Ryan Shazier is about to play his third playoff game. Think back to how he stepped up when all hope was lost last year the playoffs against Cincinnati, and then consider how much he’s grown since then.

Shazier isn’t the only linebacker making impact plays – he’s joined by fellow rookie Bud Dupree, and Lawrence Timmons and James Harrison – two veterans who know how to win Super Bowls. Also keep in mind the growth of rookies like Sean Davis, Javon Hargrave and Artie Burns.

Honestly, after all of that, if you’re a Steelers fan focusing on the draft or free agency, then its time to throw in your Terrible Towel.

  • The Pittsburgh Steelers are a team that is entering the playoffs on a hot streak not unlike 2005 or 2008.

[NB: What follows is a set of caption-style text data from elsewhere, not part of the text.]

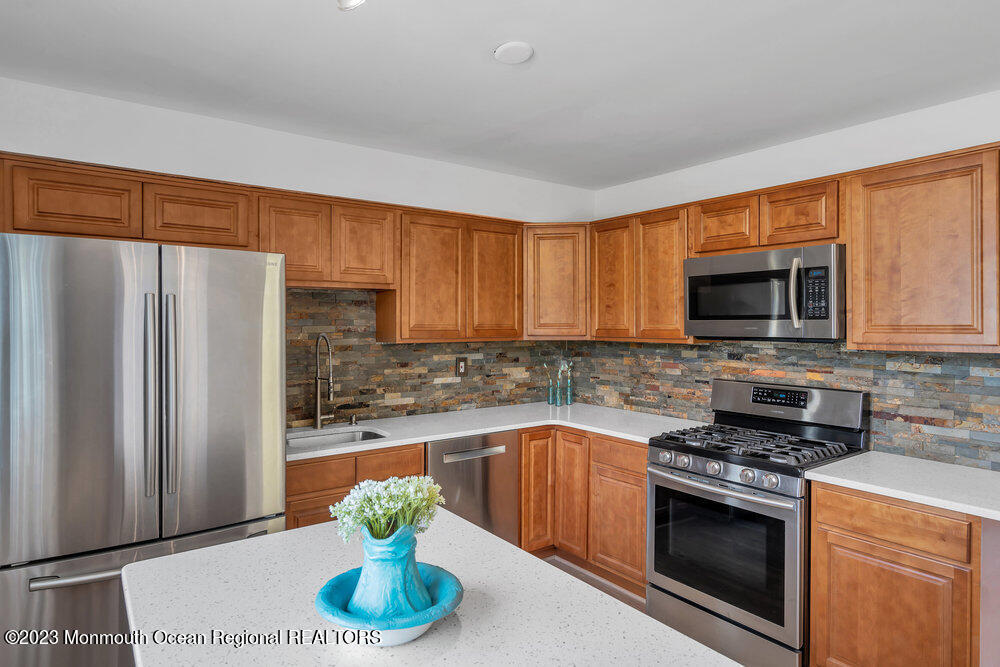 570 Labanna Court Brick, NJ 08724 - Photo 10 of 28 a kitchen with stainless steel appliances a stove a sink and a microwave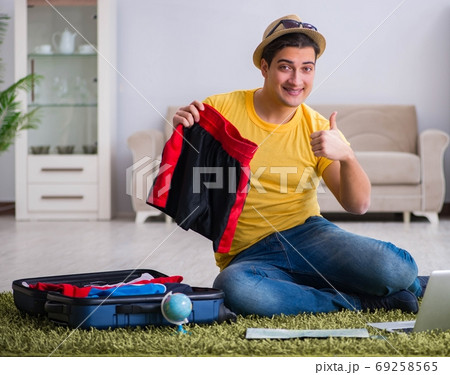 The man planning his vacation trip with map The man planning his vacation trip with map 69258565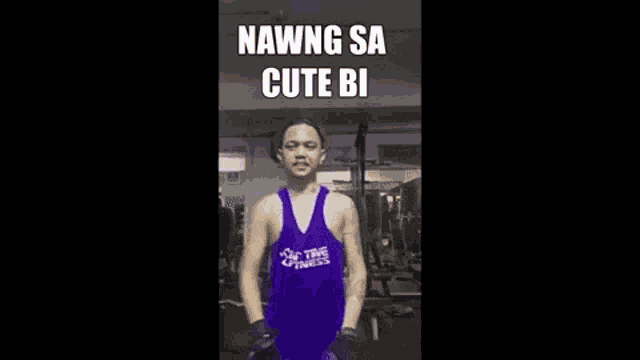 a man in a purple tank top is standing in a gym with a meme .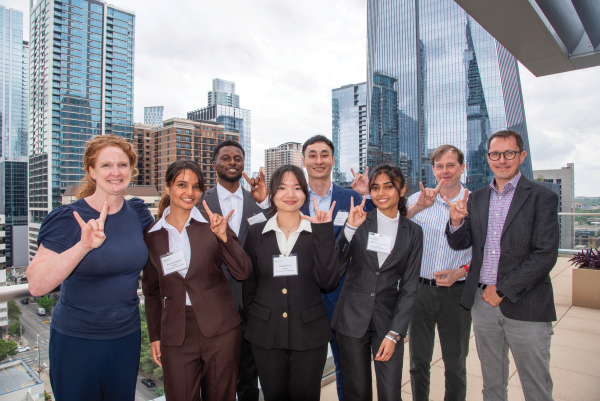 A group of students and faculty in front of the Austin city skyline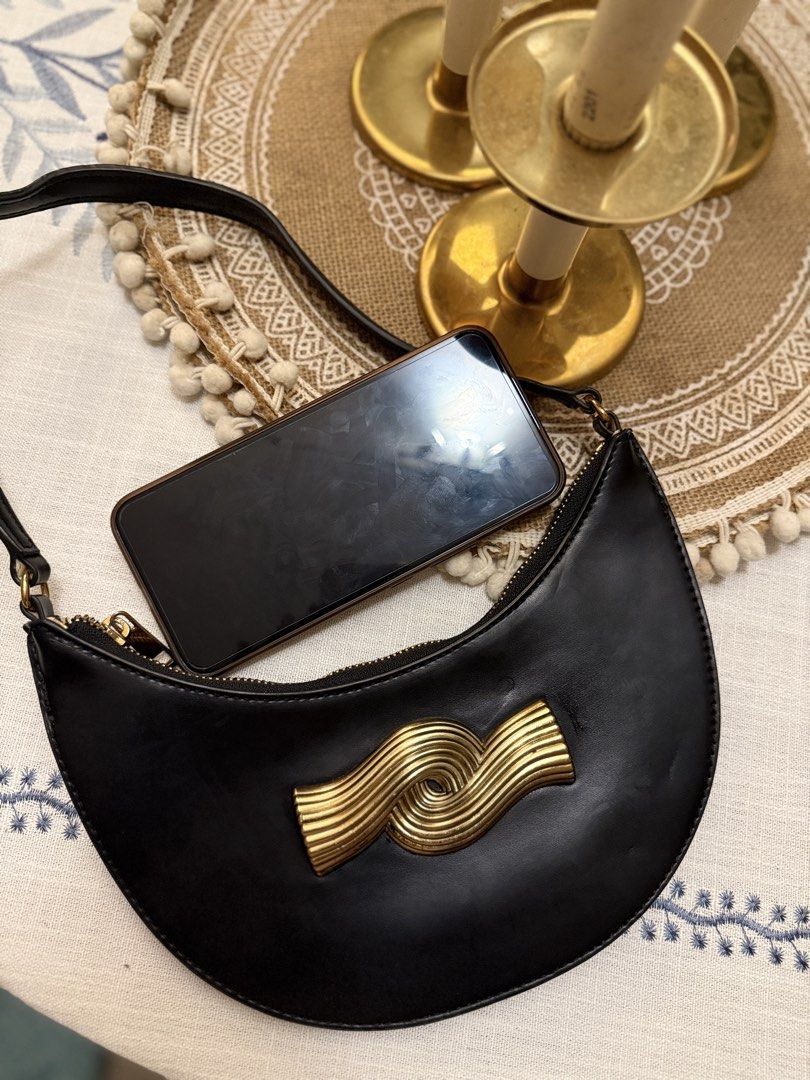 Zara Black Crescent Shoulder Bag with Gold Wave Hardware (Category: Shoulder Bags) located in Quezon City. Submitted by cndcvrtc (Listing ID 1465945401, Image 3). Description: - Style: Black crescent-shaped shoulder bag with clean lines - Design: Features a striking gold metallic wave sculpture on the front - Details: Smooth finish, secure zip top closure, and thin strap - Capacity: Compact size that easily fits your phone and daily essentials - 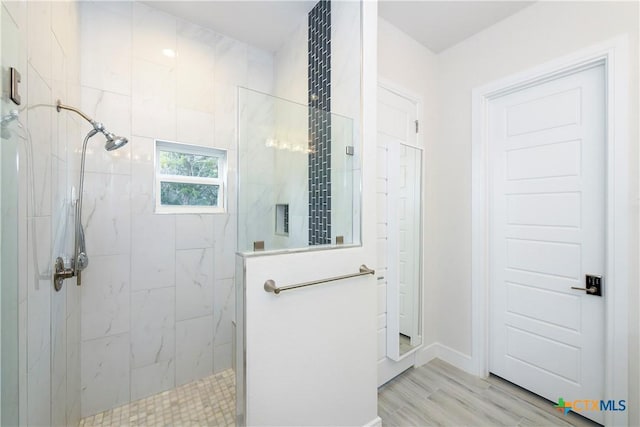 bathroom featuring a tile shower and hardwood / wood-style flooring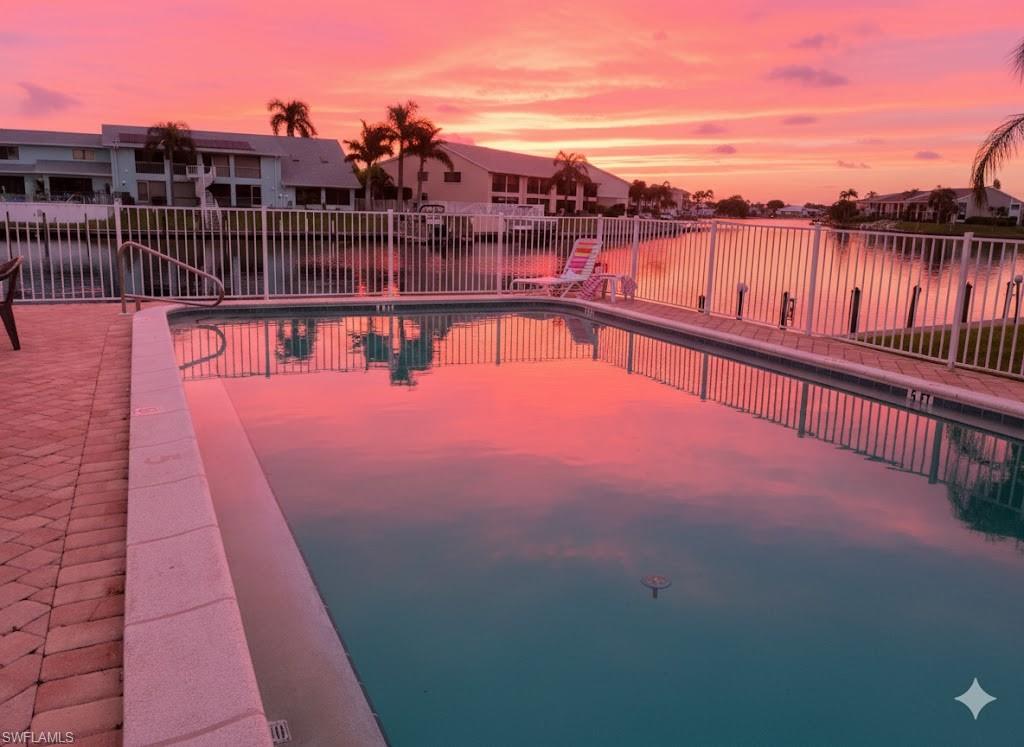 Community pool featuring a water view and a residential view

Does this mean Steelers Nation should count Lombardi’s before they hatch? No! There’s a reason why ESPN’s Bill Barnwell (who never likes the Steelers) is only giving Pittsburgh a 4.2% chance to win the Super Bowl.

Take the measure of the 2016 Steelers position-by-position against any number of teams in the 2016 playoffs, and the Steelers probably come up short. But during their 7 game winning streak, players from across the Steelers depth chart have shown an uncanny ability to make plays at critical moments.

  • And that, my friends is a characteristic of champions.

As Chuck Noll always reminded us, it’s about the journey not the destination. But reaching the Mountain Top is a realistic possibility. Enjoy the ride Steelers Nation.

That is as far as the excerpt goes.